The second uses flowers. The rest of the class made a clown cake, but clowns are an abomination and I am horrified by them. Thus, I stayed with flowers so as not to have nightmares.



I am relatively satisfied with them, but it's hard to care about a confectionary creation when you aren't even tempted to sneak some icing.

to recreate a peanut butter pie

When I was young, my grandparents would take my family to a truck-stop sort of restaurant off of I-90 when we came to visit called Beef & Beer. I don't recall having beef there, and I certainly didn't have any beer at age 10, but one thing I do remember is the peanut butter pie. We always got it, no matter how much we had already had to eat, and we always paid for it later. But it was fantastic. And good food is often worth stomach distress, in my opinion. In any case, I thought I would try and find a peanut butter pie recipe to make for a Memorial Day picnic.

This was a recipe from Emeril, and it didn't turn out anything like the glory pie from Beef & Beer, but it got a "yum" reaction from the picnic attendees. This is a peanut butter pie for people that like moderate amounts of peanut butter, because the chocolate seems to take over the top flavor spot.

First, make a crust of Oreo cookies, graham crackers, sugar, and butter, and press it into a glass pie dish.


I did this first and then had so much leftover that I decided to put it in a springform instead.


So far so good. On to part of the filling: cream cheese, confectioners sugar, and milk.


Add melted chocolate and peanut butter. (I only use Jif. I would rather abstain than eat other peanut butter. That's saying a lot.) It starts to look like goop at this point.


Make homemade whipped cream.


Fold the cream into the chocolate peanut butter mixture and dump in springform.

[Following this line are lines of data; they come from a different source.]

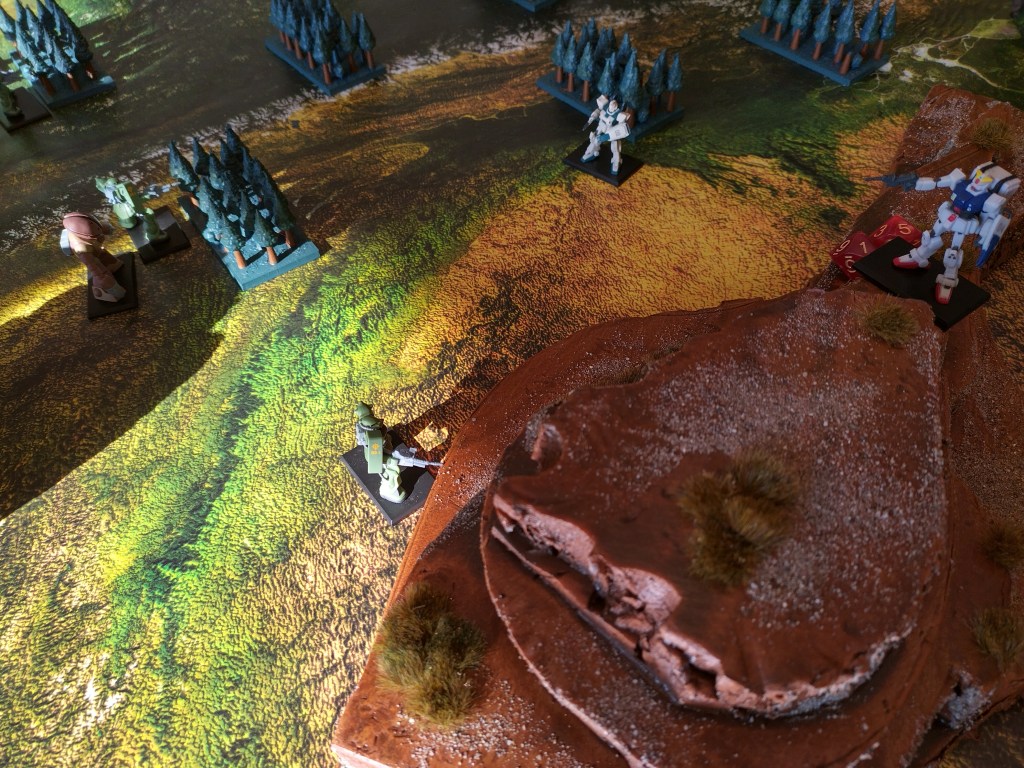 Ez8 Gundam Acguy Zaku II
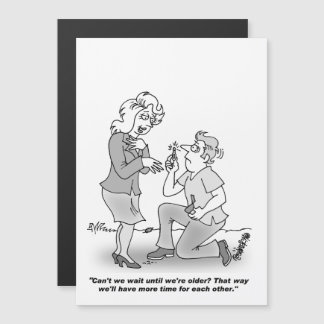 Convite Magnético Placas de Noivado personalizáveis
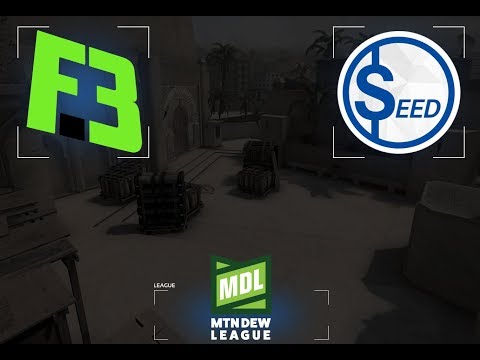ESEA MDL Season 26 Europe - Flipsid3 vs. Seed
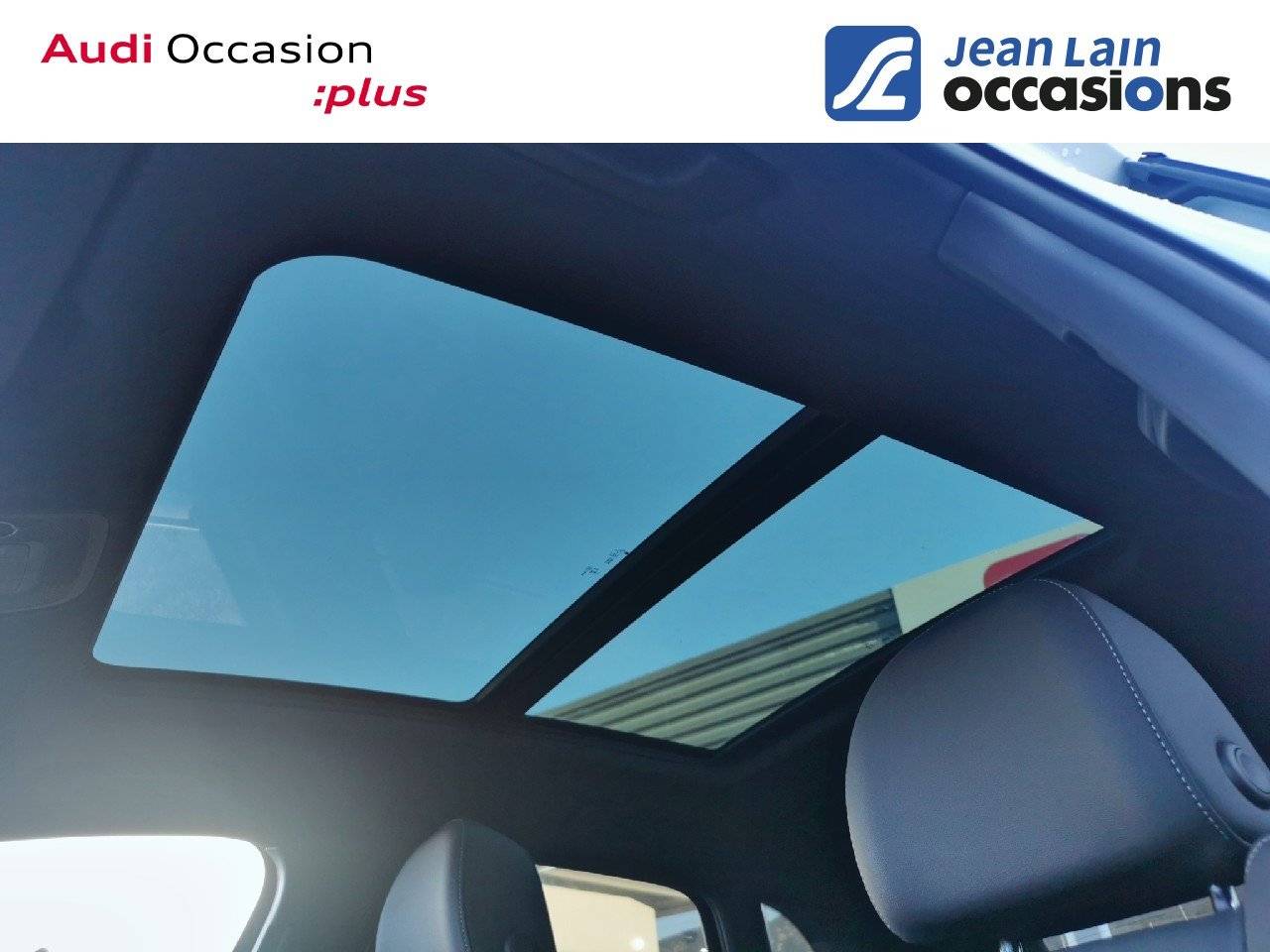 Image about Audi Q3 S line 35 TFSI 110 kW (150 ch) S tronic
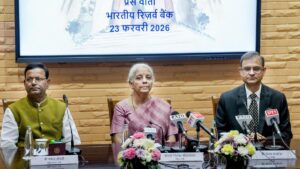 Too early to comment on U.S. tariff changes; Commerce Ministry reviewing situation: Sitharaman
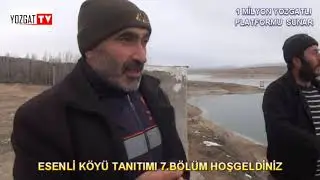 ESENLİ KÖYÜ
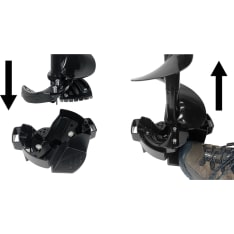 StrikeMaster Magnetic Snap Cover Lite-Flite teräsuojus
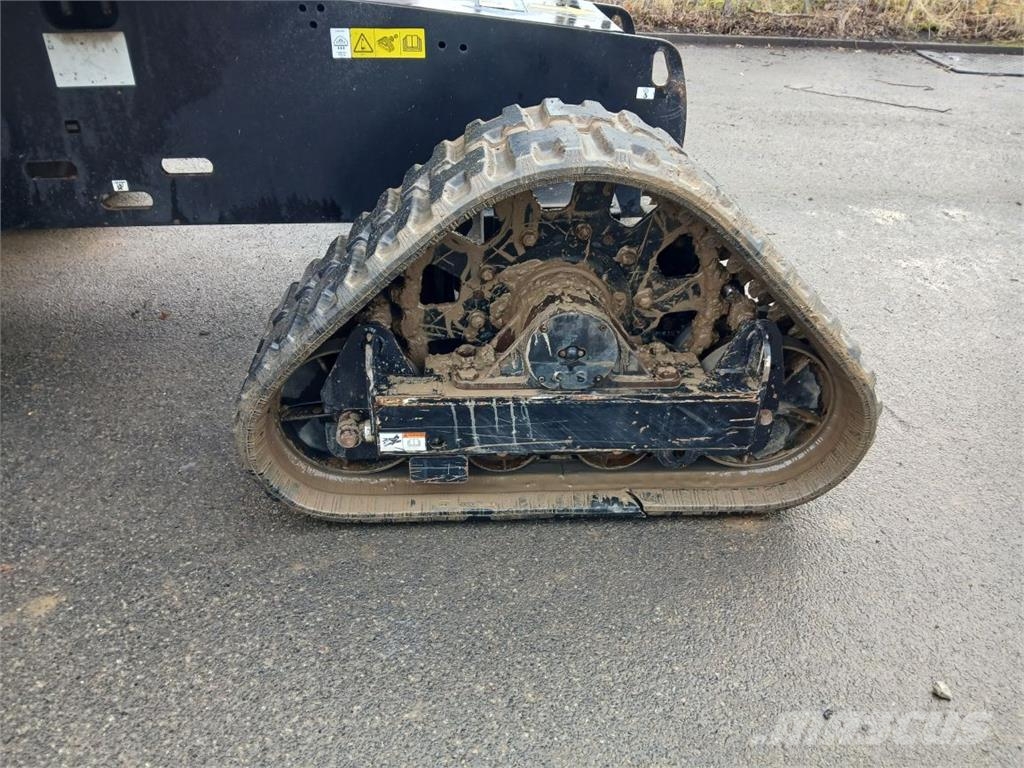 Genie S-65 TRAX (2745) Zglobne podizne platforme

It was at this point that I realized that something was off. There is too much crust for the pie pan the recipe calls for, and too little filling for it to be in a springform pan. Thus, after you make a chocolate sauce and drizzle on top, you get this. Delicious, but proportionally off.



I suggest you make two 9-inch pie pans and extra mousse. Better yet, call Beef & Beer and get their recipe. You will not be disappointed.

a girly sort of skull

My friend Sarah had few requests for her urban family birthday party : hot dogs, badminton, and chocolate cupcakes with cooked frosting.

I used Magnolia's chocolate cupcake recipe, and started by beating eggs and sugar.


Followed by 6 one-ounce blocks of baker's chocolate...


Mix it all up, adding vanilla and milk mixed separately...


It starts to smooth and turn a nice, smooth chocolately brown...


Fill up those cupcake liners (silver Wilton wrappers to match the forthcoming dragees)


You can see I have no sophisticated way to fill these. Two spoons seem to work just fine for me. While those are baking, I started the cooked frosting, otherwise known as whipped buttercream or perhaps the world's best cupcake frosting. Start with four sticks of butter and two cups of sugar.


About 45 minutes before I whipped the icing, I prepared the "cooked" part by continuously whisking flour and milk until it thickened over the stovetop. This sits on a cooling rack for 3/4 of an hour until a film has formed over the top. Pull the film off and throw it away.


Whip the milk paste mixture in thirds with the butter, sugar, and vanilla already in your mixing bowl. Behold the glory.



Add some Wilton pink rose gel food coloring and you've got fluffy pink heaven. (Always use gel color in frostings, as liquid color will change your consistency and more often than not, separate into multiple colors.)


Ding ding! The cupcakes are finished and ready for finishing touches.


Fill up a piping bag with icing and a medium star tip and go at it.



Sarah loves skulls, so I surprised her by carving white skulls out of rolled fondant. I was rushing like a madwoman at this point, so I didn't take any photos of actually carving the skulls. I decided to spell Happy Birthday Sarah and use skulls on the rest of the cupcakes. I had leftover batter, so I made mini cupcakes as well and added the same silver dragees to those. (I had a brain fart and attempted to take photos of the cupcakes with a flash on a steel table, so the quality isn't fantastic.)


Luckily Sarah got a few. Photos, as well as cupcakes.




Girly and a bit edgy at the same time. A delicious cupcake paradox.